5 Reasons to Visit Lindsborg KS
I’m not the only one to be charmed by the small town of Lindsborg and its creative, smart, and warm residents. In fact, nearly everyone I spoke to had an interesting story about how they came to Lindsborg. Maybe it was to be closer to family. Sometimes it was for the educational and creative opportunities to be found in Lindsborg. Others discovered it when just passing through and found themselves coming back again and again, until eventually they made it their home.
And while they may have organized a community picnic for me to meet some residents, and announced my visit on Facebook, I have a feeling that all visitors get just as warm of a welcome. In fact, I know that when tour groups come through, someone usually greets them in full Swedish dress to show them around.
But let me tell you about some other reasons to visit Lindsborg, Kansas.
Lindsborg loves a good party. Long ago, when Swedish immigrants were struggling to survive in this harsh frontier of mud dug outs and farm life, leaders recognized that the arts will bring people together, give them something to look forward to, and create a little joy in their otherwise bleak fight for survival. Today, the town celebrates many festivals and some draw visitors from around the globe, even Swedish royalty! A few to plan a trip around include:
- Messiah Festival of the Arts – before many residents of Lindsborg even spoke fluent English, they have been performing Handel’s Messiah each year. The festival, which now takes place around Easter, is a combination of musical, arts, and theater events.

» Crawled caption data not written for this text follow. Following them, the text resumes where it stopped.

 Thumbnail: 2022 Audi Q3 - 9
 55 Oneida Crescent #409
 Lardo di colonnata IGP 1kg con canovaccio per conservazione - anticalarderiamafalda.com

This all culminates with a community performance of the Messiah.
- Midsummer’s Festival – taking place in late June, this festival marks the beginning of summer and is one of the most popular Swedish celebrations. In Lindsborg, this includes celebrating with Swedish food, music, dancing, art, games and the raising of the Midsommarstång (Midsummer Pole.)
- Svensk Hyllningsfest – this party is so big that it only takes place every two years (on odd-numbered years only.) Svensk Hyllningsfest honors the Swedish immigrants who first settled in the Smoky Valley in 1869. Started in 1941, the festival features art, crafts, special foods, ethnic music, a parade, and, of course, a smörgåsbord and special entertainment. Timed to coincide with local Bethany College homecoming, it is also where you can see Lindsborg’s world-renowned youth Swedish dance troupe.
- Christmas in Lindsborg – As you might expect, Christmas is a big deal in Lindsborg. There is the old-fashioned prairie Christmas at the old mill with concerts, crafts, visits from Santa, and a retelling of the Christmas story. There is also the St. Lucia Festival, a favorite Swedish holiday tradition that celebrates the legend of Lucia, who saved the people of Sweden from starvation. In Lindsborg, a processional of girls in white carrying candles and stjäarngosse (star boys) walk to the Bethany Lutheran Church where the annual St. Lucia is crowned.
Wild Dala Horses
If you remember Chicago’s Parade of Cows, which toured their way around various cities, then you will appreciate the herd of Wild Dala Horses that dot the landscape of Lindsborg. These 30+ public art sculptures are modeled after the shape of the traditional Swedish Dala horse. Various businesses and groups have sponsored horses which are custom painted in creative ways to represent various businesses around town.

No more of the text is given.